In the data below, find the line that contains "Wolf 30&#34; Professional" and the line that contains "シュヴェービッシュ・グミュン". Copy both, plus every line between them, exactly.
═════ GIVEN RECORDS ═════
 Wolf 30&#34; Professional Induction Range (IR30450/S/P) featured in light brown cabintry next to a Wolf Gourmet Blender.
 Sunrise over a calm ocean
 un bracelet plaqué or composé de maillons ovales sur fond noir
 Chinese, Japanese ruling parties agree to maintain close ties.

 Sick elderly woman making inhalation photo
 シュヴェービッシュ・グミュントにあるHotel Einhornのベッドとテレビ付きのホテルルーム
═════
═════ GIVEN RECORDS ═════
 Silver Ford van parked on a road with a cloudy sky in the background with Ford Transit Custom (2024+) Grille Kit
═════
EXERCISE ANSWER:
 Wolf 30&#34; Professional Induction Range (IR30450/S/P) featured in light brown cabintry next to a Wolf Gourmet Blender.
 Sunrise over a calm ocean
 un bracelet plaqué or composé de maillons ovales sur fond noir
 Chinese, Japanese ruling parties agree to maintain close ties.

 Sick elderly woman making inhalation photo
 シュヴェービッシュ・グミュントにあるHotel Einhornのベッドとテレビ付きのホテルルーム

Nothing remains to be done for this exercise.